À sua pequena dimensão, e no contexto da intimidade doméstica, também as partituras que circulavam entre “pianos de meninas”6 procuravam explorar o universo da memória e da evocação. Não é, portanto, de admirar que encontremos amiúde em partituras para piano do catálogo da BNP, substantivos como “Recordação”, “Souvenir”, “Recuerdo”, “Memórias”, “Impressões” ou “Lembranças”.

Estas peças, e tantas outras do género que circularam pelo país e que se encontram na BNP, devolvem-nos fragmentos curiosos dum quotidiano de fim de século. Mas há uma outra dimensão, a dimensão da viagem - vivida ou apenas desejada – que podemos adivinhar quando vêm parar às coleções portuguesas títulos e edições vindas do estrangeiro.
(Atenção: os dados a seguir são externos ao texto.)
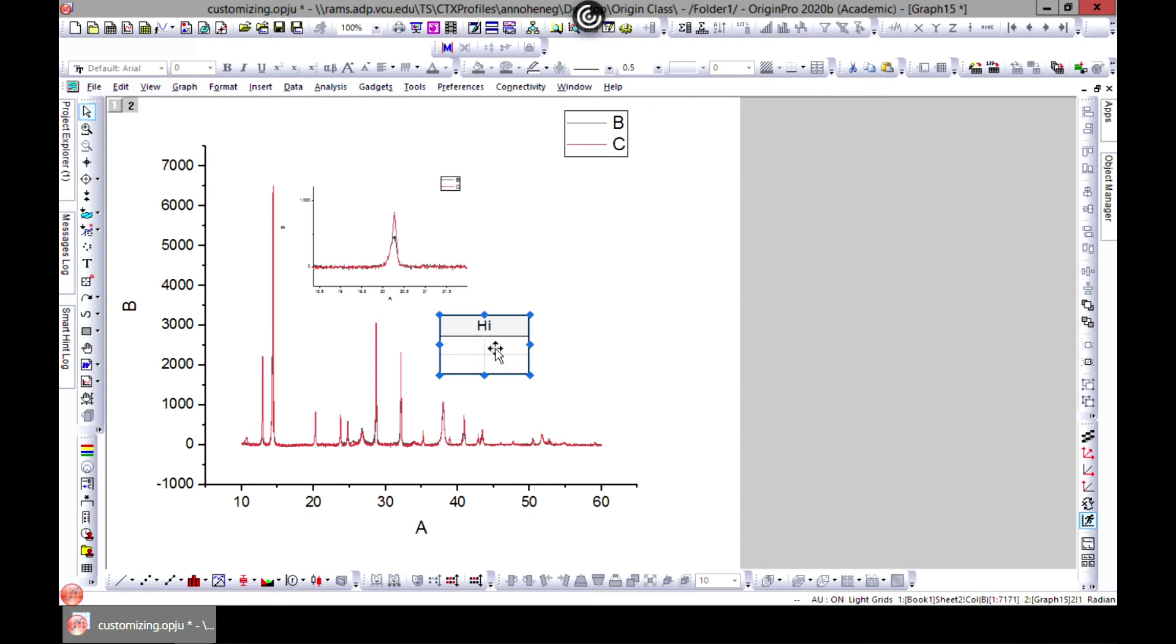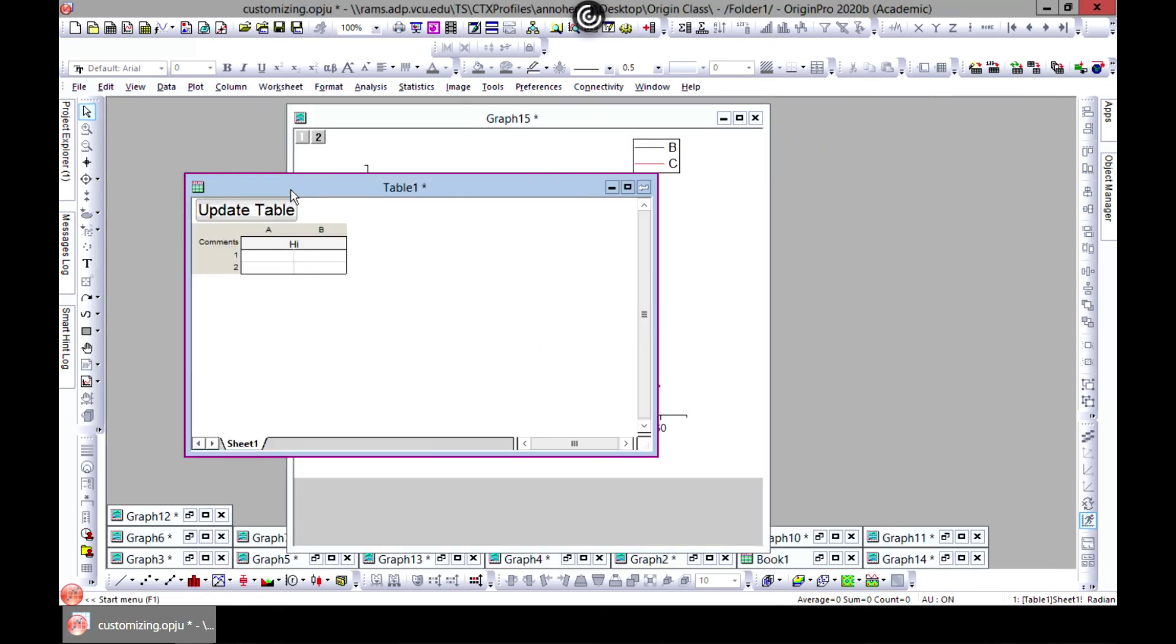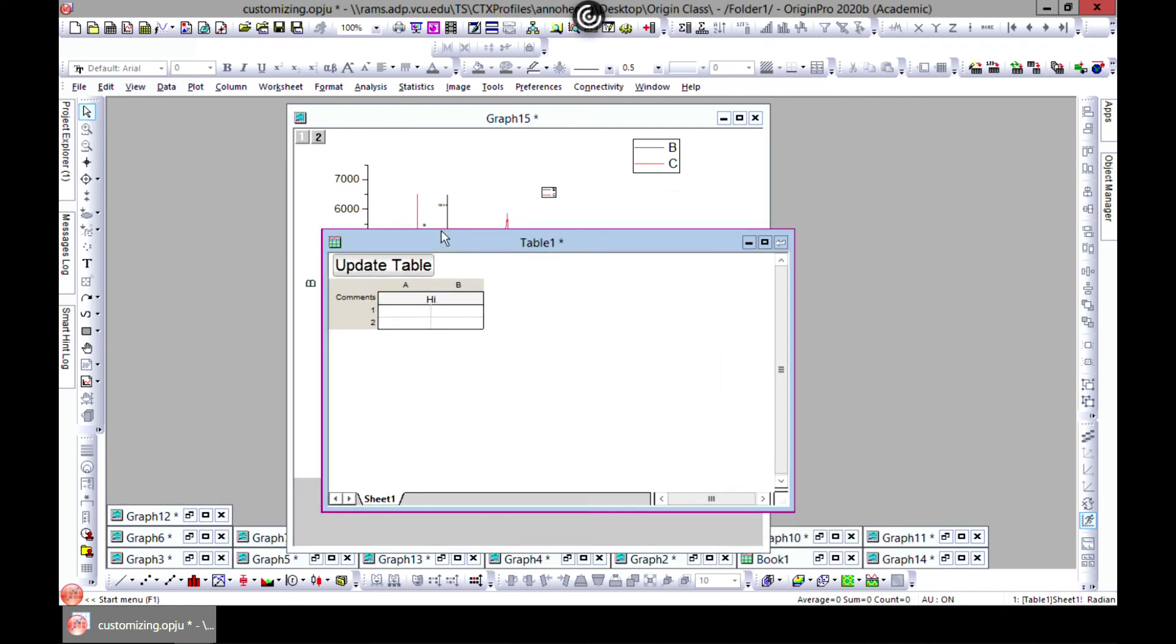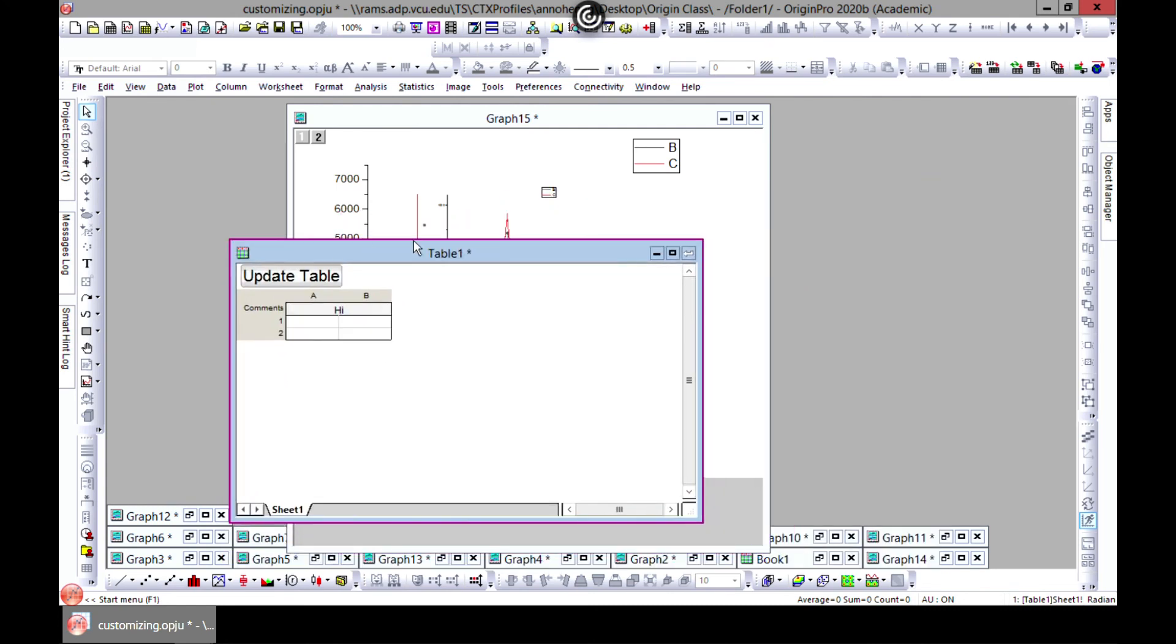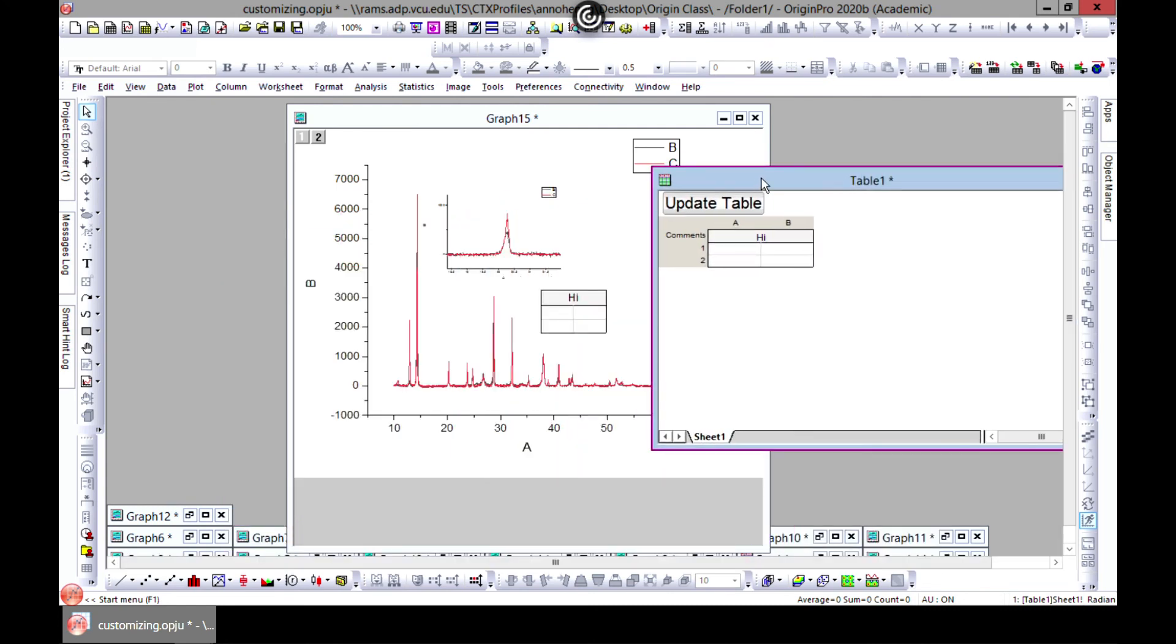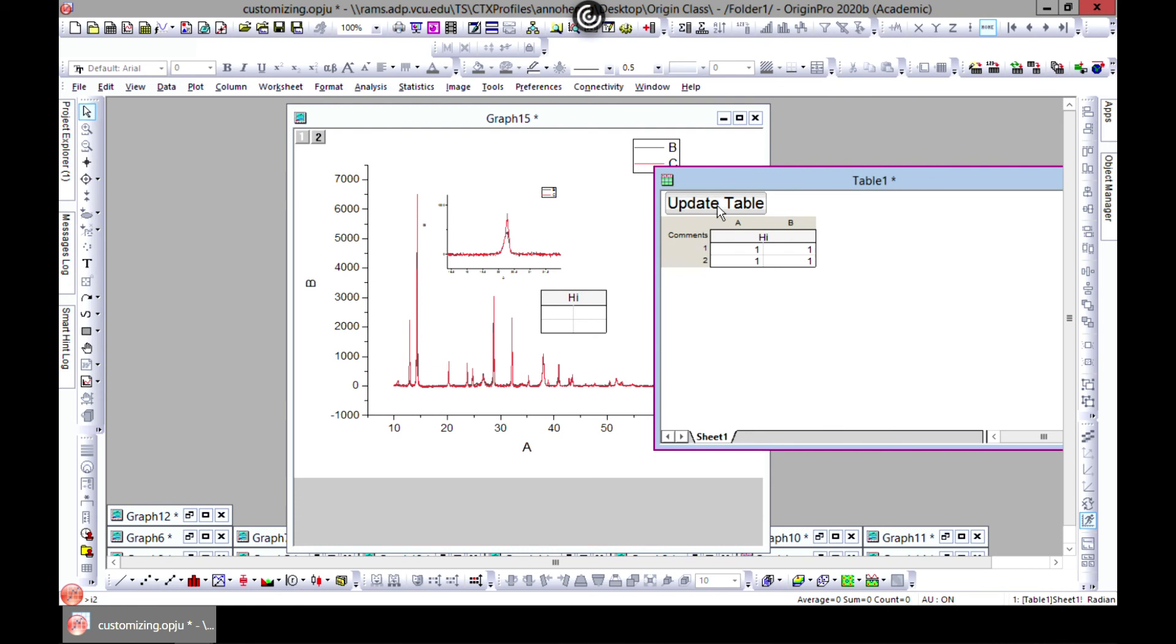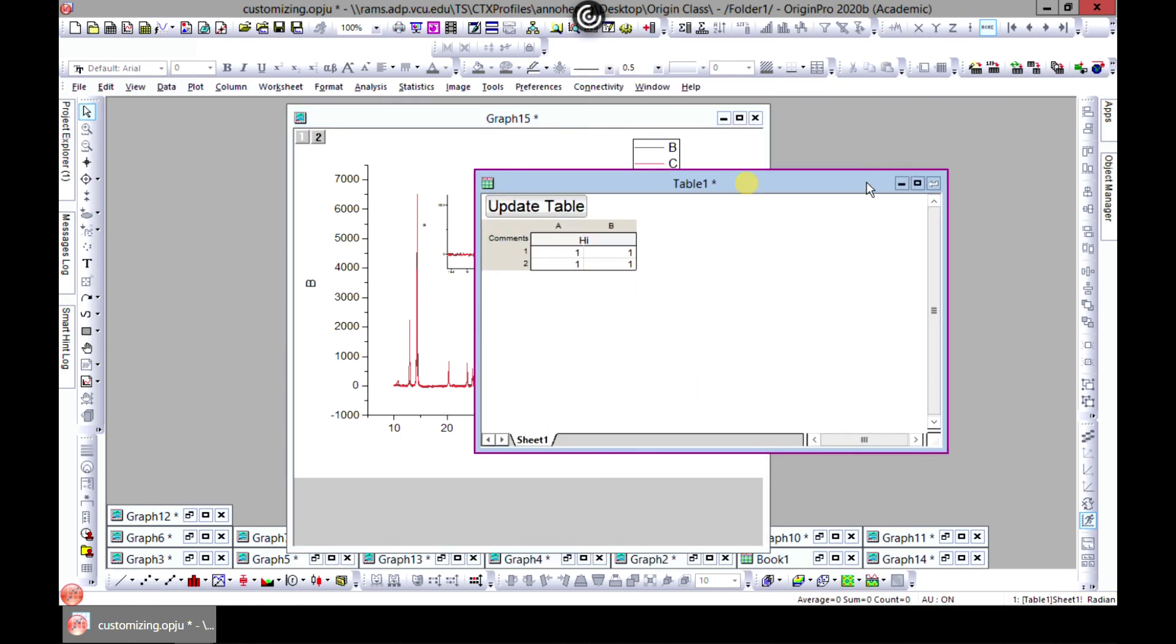You just double-click on it. It brings you to this table window, and let's just say we are going to write '1, 1, 1, 1.' Then you hit Update and it shows in your graph.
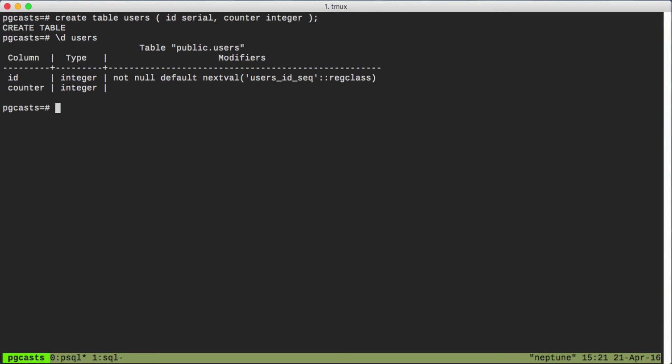Every time we insert into the users table, the default value for ID will be the next value in that sequence. This assumes that we always let the ID be set to its default value.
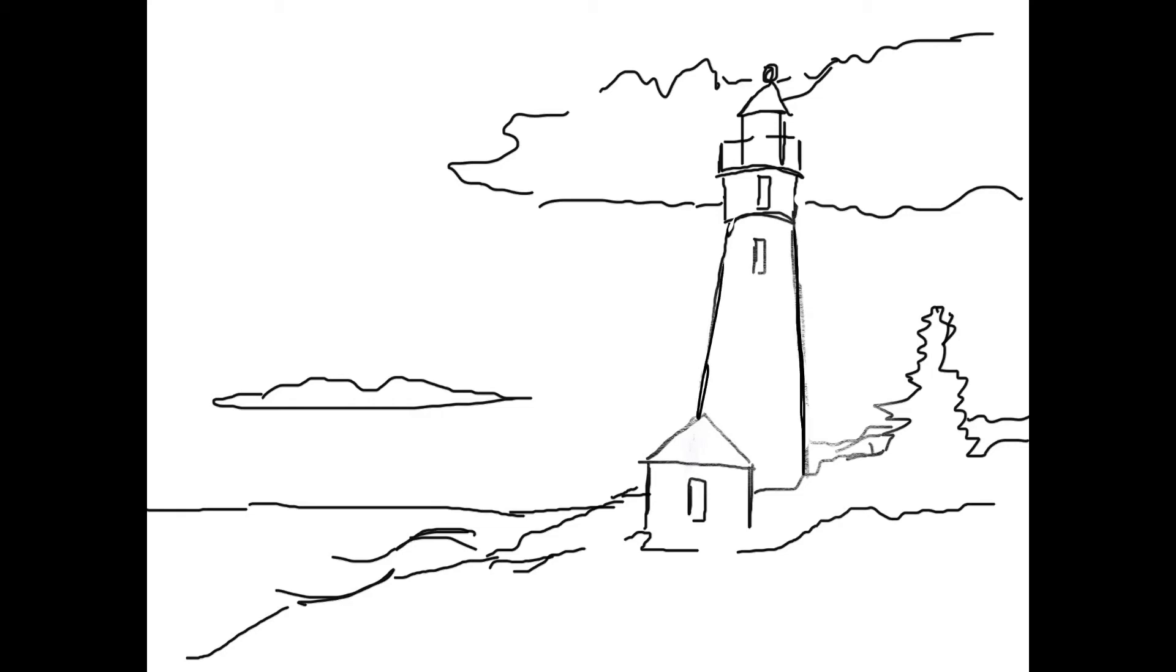Or use the photo that I used of the Crisp Point Lighthouse in Paradise, that's in the Upper Peninsula of Michigan.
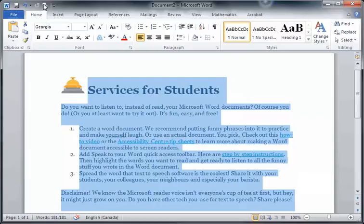Check out this how-to video or the Accessibility Center tip sheets to learn more about making the Word document accessible to screen readers.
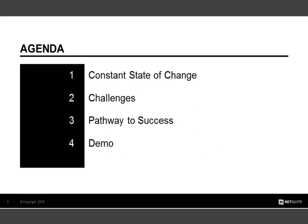Let's talk about our agenda for today. We're going to talk about the constant state of change and the challenges that can cause for you as a manufacturer. Second, we're going to talk about how NetSuite can help put you on the pathway to success, and then my colleague Tom will showcase some of what I discuss in the live software. Throughout this, if you do have questions, please type those into the Q&A panel.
É o caso de um Souvenir d’Italie, barcarole à 2 voix7 de Charles Mercier (fl. 185-), ilustrado com uma magnífica litografia de um barco em águas serenas iluminado pela lua cheia, vendo-se à direita, entre a vegetação, uma ruína.

Souvenir d’Italie, barcarole à 2 voix - pág. 1 Souvenir d’Italie, barcarole à 2 voix - pág. 3

Com a massificação dos aparelhos de som, da fotografia e do filme ao longo do século XX, todas estas categorias de música souvenir parecem ter entrado em declínio…

E chegados a hoje, não precisamos de reconstruir ou fantasiar as experiências passadas:  as nossas memórias, e todas as músicas do mundo, andam connosco no bolso.”

Este post é um resumo da comunicação apresentada por Isabel Novais, Responsável da Área de Música da BNP, no passado dia 4 de julho de 2023, no âmbito do XII Simpósio Internacional de Musicologia (Goiânia, Brasil).
 
As comunicações da mesa-redonda “Música Souvenir” em que se integrou esta participação da BNP estão disponíveis na íntegra em: https://www.youtube.com/watch?v=eY0PBPa2-oo

Bibliografia:

1 Katski, Anton (1817-1899), Souvenir de bemfica, polka pour le piano dediée á madame la Marquise de Fronteira, Lisbonne, Sassetti & C.ie, [185-]. BNP cota M.P. 532//39 A.
2 Crénier, Eugénie de, Recordações de Lisboa, polka para piano, Lisboa , A. Neuparth, [ca. 1865]. BNP cota C.I.C. 138 A.
3 Pinto, Luzinha (ca 19-), Recordações do meu Algarve, valsa lenta, [S.l.], Ed. da autora, cop. 1956 (Lisboa Bertrand). BNP cota M.P. 1231 A.
4A expozição das flores em 1853, polka ingleza para piano, Lisboa, J. I. Canongia & C.a, [1853].BNP cota M.P. 532//6 A.
5 Assis, Querubim António (1865-1925), Marcha de guerra, recordação do ataque de Marraquene, [S.L., [s.n.] [1896]. BNP cota C.N. 995 A.
6 Eça de Queirós, J. M. (1867), Da colaboração no “Distrito de Évora” (ed. Helena Cidade Moura), Lisboa, Livros do Brasil, s. d., vol. I, p. 267.
7 Bruxelles, Schott Frères [1855]. BNP cota F.C.R. 816//11 A.